# Farewell AP



## KautoStar1 (25 April 2015)

The greatest ambassador NH racing has had. 
Have a great day today & then enjoy your retirement


----------



## Elf On A Shelf (25 April 2015)

In every interview I have seen him give he just doesn't seem to want to retire. I suspect this is partyly him wanting to go at the top but I think it is mostly down to his wife. It is absolutely killing him not having ridden 300 in a season. 

I do worry for him and how he will cope doing nothing. Like anyone/anything they will adapt and cope in time but I sinerely hope he is kept plenty busy for the next wee while!

Whatever happens I hope he goes out on a win for JP and for himself!


----------



## Exploding Chestnuts (25 April 2015)

Well, this season he is convinced he is riding better than ever, and of course it is hard on him, but he has a family, and he knows how dangerous it is, he has walked away, that has to be it.
I don't see him doing nothing, he will just have to adapt, he would not have the patience to train, but could be very useful in picking horses, we will see.


----------



## Maesfen (25 April 2015)

I think his wife has had a lot of impact on this especially now he is realizing what he will miss.  That callous remark from her when he was showing people the weighing room at Aintree and he said, 'this is where I sit' and she came back with 'not now you don't' must have hurt like hell.

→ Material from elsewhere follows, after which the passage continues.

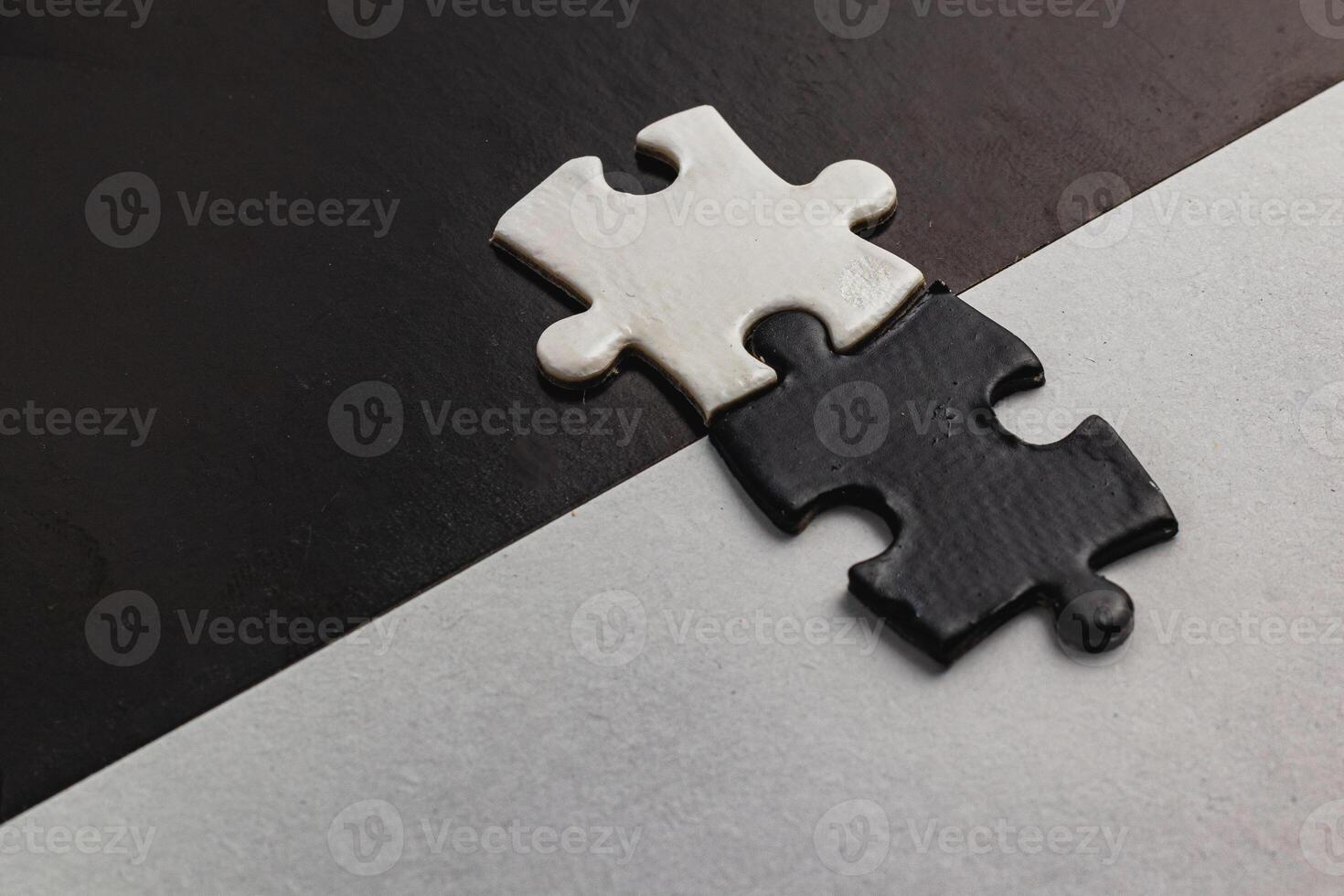 Opposite day concept,white and black puzzle pieces with oposite background color photo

Like EKW, I think it's going to be such a hard thing for him to retire just like that when he's been at full throttle instead of gradually winding down.  It's also unusual in that he seems to or is at least saying he has no idea what he's going to do; most retirees can give you a list of what their plans are.  I can't see him being an aimless sort of person, I hope he finds a satisfying job of some sort but I can't see it being half as satisfying as what he's been doing for the last 20 + years.  I wish him well.


----------



## Madam Min (25 April 2015)

All the very best AP!!  #legend


----------



## Fools Motto (25 April 2015)

I feel sorry for him! Certainly comes across that he doesn't want to bow out yet. A tough determined cookie he sure is, and I doubt a round of golf or just looking at a racehorse is going to fulfil his 'need'.

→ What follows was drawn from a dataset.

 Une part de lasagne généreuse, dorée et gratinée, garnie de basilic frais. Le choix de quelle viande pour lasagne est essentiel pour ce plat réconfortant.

All the very best AP, enjoy your retirement with whatever comes your way. True legend of our sport.


----------



## Crugeran Celt (25 April 2015)

I watched the interview with him on the Claire Balding show last night, you never know may see him doing a bit if dressage instead! I am sure he will do well in whatever he decides to do and with his knowledge of racing and his very likeable character I am sure he will be in demand in front of the camera.


----------



## frostyfingers (25 April 2015)

I think you're being hard on his wife really - he has always said he wants to to out at the top and the injury layoff earlier this season may have been an alarm bell that after all his body (and mind) has been through that maybe the time to finish had come.  He is 40, he's been doing it for 26 years and he's really pushed himself hard for all that time.  I'm sure that if he really really didn't want to stop, Chanelle wouldn't have been able or wanted to stand in his way.

As much as we'll miss him, I feel it's a good thing to go out at the top like this - how awful it would be if he were seriously hurt and had to stop there and then (like Richard Dunwoody, Davy Condon, etc).  He's ok, he's young enough to find a new role and he's achieved so much.  A real legend, and I feel privileged to have seen him ride.


----------



## Exploding Chestnuts (25 April 2015)

I think he should do carriage driving, its very competitive but at almost any level, both complex and expensive.  To drive a team at an international event is about the only thing I could compare with race riding, which is not all about ardenaline. He will have involvement with horses, but not in the same way, and can pay people to ride and groom them day to day, so does not need to be hands on 100%.
I don't see him wanting to build a "career" with the betting sites, that is a backwater, and he is not designed for backwaters.
Archie has not been given a pony, but sooner or later he will want to emulate daddy. Obviously girls will be pony mad at some stage.


----------



## Chiffy (25 April 2015)

Farewell AP and 'all the best'.

Sad to see people blaming his wife. I am sure they discussed his decision but he is his own man and would do as he wants but take his family into account.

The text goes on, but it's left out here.